Question

How do you simplify \[\left( {6 \cdot {{10}^{ - 2}}} \right)\]?

Answer 1

Hint: Here, we will express the numbers \[6\] and \[10\] as a product of prime factors. Then, we will apply different laws of exponents to the factors and simplify it further using the basic mathematical operations to get the required value.

Formula used:
We will use the following formulas:
\[{a^{ - n}} = \dfrac{1}{{{a^n}}}\]
\[\dfrac{{{a^m}}}{{{a^n}}} = {a^{m - n}}\]
\[{(ab)^m} = {a^m}{b^m}\]

Complete step by step solution:
We are required to simplify \[\left( {6 \cdot {{10}^{ - 2}}} \right)\].
Let us first simplify the given expression by finding the prime factors of \[6\] and \[10\].
We can write \[6\] as \[6 = 2 \times 3\].
Also, we can write \[10\] as \[10 = 2 \times 5\].
So, we can rewrite the given expression as
\[\left( {6 \cdot {{10}^{ - 2}}} \right) = \left( {2 \times 3} \right){\left( {2 \times 5} \right)^{ - 2}}\]
We will use the law \[{a^{ - n}} = \dfrac{1}{{{a^n}}}\]. Therefore, we get
\[ \Rightarrow \left( {6 \cdot {{10}^{ - 2}}} \right) = \dfrac{{\left( {2 \times 3} \right)}}{{{{\left( {2 \times 5} \right)}^2}}}\]
Now using the property\[{(ab)^m} = {a^m}{b^m}\] in the denominator, we get
\[ \Rightarrow \left( {6 \cdot {{10}^{ - 2}}} \right) = \dfrac{{2 \times 3}}{{{2^2} \times {5^2}}}\] …………………..\[\left( 1 \right)\]
Now applying the law of exponent \[\dfrac{{{a^m}}}{{{a^n}}} = {a^{m - n}}\] to the RHS of above equation, where \[a = 2\], \[m = 1\] and \[n = 2\].
Hence, we get \[\dfrac{{{2^1}}}{{{2^2}}} = {2^{1 - 2}} = {2^{ - 1}}\]. Applying the law of exponent \[{a^{ - n}} = \dfrac{1}{{{a^n}}}\] to \[{2^{ - 1}}\], where \[a = 2\] and \[n = - 1\], we have \[{2^{ - 1}} = \dfrac{1}{2}\]. So, equation \[\left( 1 \right)\] becomes
\[ \Rightarrow \left( {6 \cdot {{10}^{ - 2}}} \right) = \dfrac{3}{{2 \times {5^2}}}\]
Now, in the denominator we have \[2 \times {5^2}\].
We know that \[{5^2} = 5 \times 5 = 25\].
 So, the denominator becomes
\[2 \times {5^2} = 2 \times 25 = 50\].

Hence, the value of \[\left( {6 \cdot {{10}^{ - 2}}} \right)\] is
\[ \Rightarrow \left( {6 \cdot {{10}^{ - 2}}} \right) = \dfrac{3}{{50}}\]

Note:
In the above, we have found out the prime factorization of 6 and 10. Prime factorization is a method of finding factors of a number in terms of prime numbers.
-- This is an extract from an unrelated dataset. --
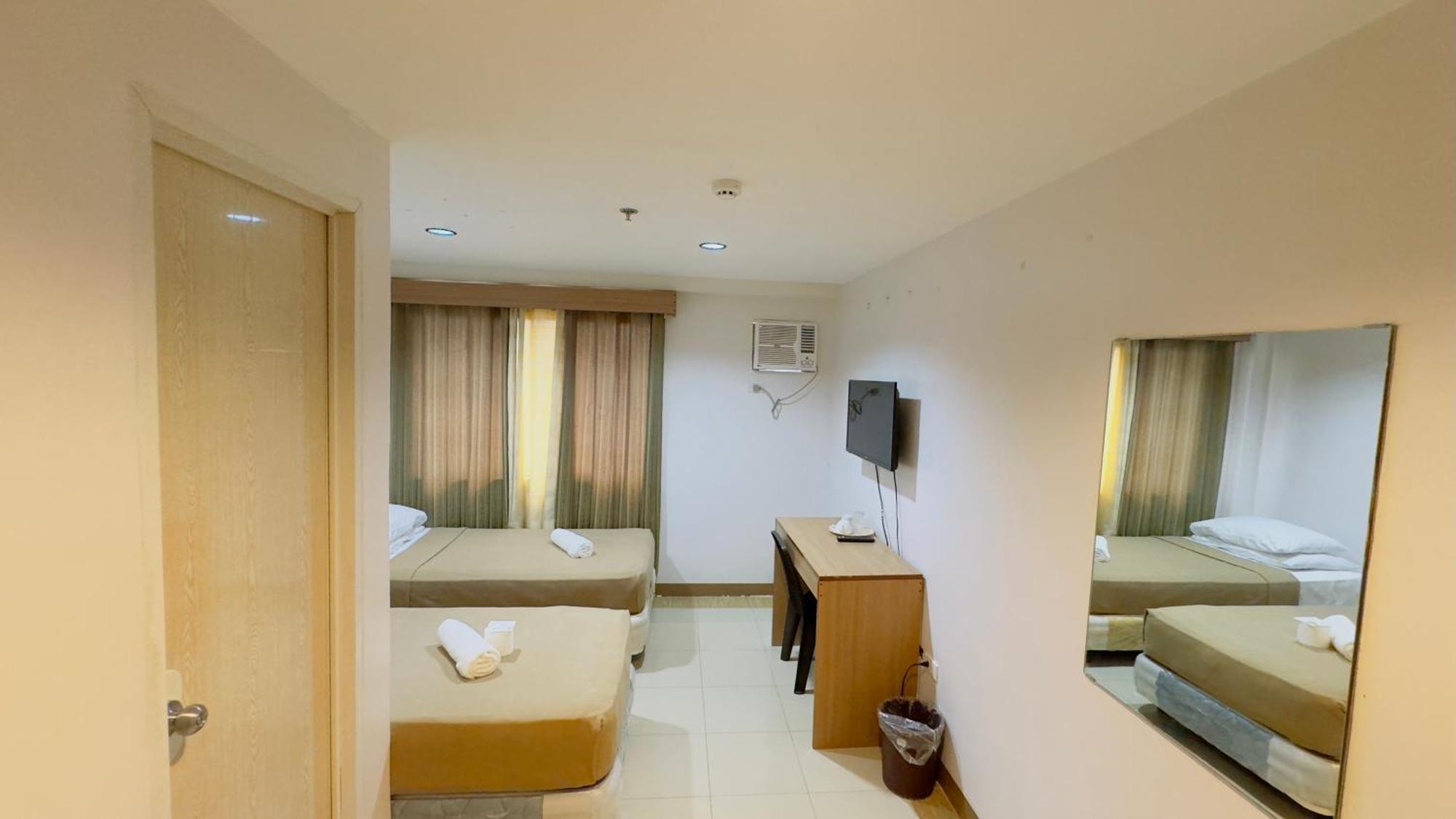 Large Twin Room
When a number is raised to power then the power is known as an exponent and the number is called its base. Here, the exponent is negative, so to make the exponent positive we have to take the reciprocal of the number.
We can also solve the given expression by directly applying the law of exponent \[{a^{ - n}} = \dfrac{1}{{{a^n}}}\] to \[{10^{ - 2}}\], which gives \[\dfrac{1}{{100}}\]. So,
\[6 \cdot {10^{ - 2}} = \dfrac{6}{{100}} = \dfrac{3}{{50}}\]